The congregations are part of an Interfaith Community Service Garden Project developed by the Long Island Community Agriculture Network, a Huntington-based organization fiscally sponsored by the non-profit Open Space Institute. The project is funded by the Long Island Community Foundation and the New York Community Trust: Horace and Amy Hagedorn Fund.
The congregations are responding to a call to action to end childhood hunger made at the annual interfaith Martin Luther King celebration this past January. Richard Kubek, community outreach coordinator for LI Jobs with Justice and chair of the Martin Luther King Planning Committee, and Heather Forest, storyteller, farmer and a founder of LICAN, encouraged the congregations to dig up some lawn and grow vegetables to be donated to food banks and soup kitchens.
The need for donations is acute: in 2010, less than 10% of the food donated to Island Harvest, the largest distributor of food for the needy on Long Island, was fresh produce.
To help insure the success of the new gardens, LICAN has held educational workshops for congregational garden leaders and tuition-free workshops for expert gardeners to mentor the congregations. The grants provide funding to pay the mentors, as well as underwriting the educational workshops and a guide that will be made available free.
“This is a small seed that can blossom,” said Forest. “We are delighted that congregations have responded so quickly and enthusiastically.”
Some of the congregations that are rededicating portions of lawn and replacing them with vegetable gardens include: Dix Hills United Methodist Church, Bethany Presbyterian in Huntington, St. John’s Episcopal in Cold Spring Harbor, and Huntington Jewish Center. Two that lack an appropriate site on their own grounds, St. Hugh’s in Huntington Station and Temple Beth El in Huntington, are cultivating raised beds at the Soergel Outreach Garden in Greenlawn that is managed by LICAN under license from the Town of Huntington.
Many Long Island congregations, including St.
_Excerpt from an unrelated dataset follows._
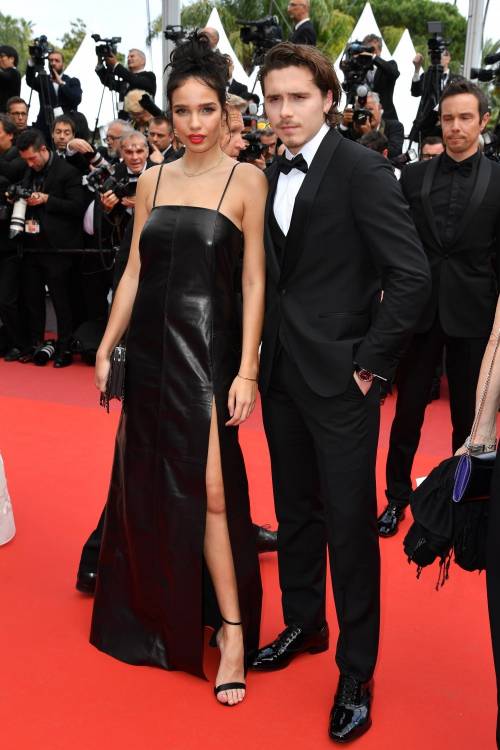 Brooklyn Beckham e Hana Cross debuttano sul red carpet di Cannes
Hugh’s and Bethany host food banks or community suppers, so placing gardens on their own grounds closes the loop between grower and giver.
The other religious organizations involved include: Kehillath Shalom Synagogue in Cold Spring Harbor; Huntington Jewish Center; St. John’s Episcopal of Cold Spring Harbor; the Suffolk Y Jewish Community Center in Smithtown; the Unitarian Universalist Congregation at Shelter Rock; and, the Unitarian Universalist Fellowship of Huntington.
LICAN is seeking additional donations to support the mentor services and to expand the project to other congregations.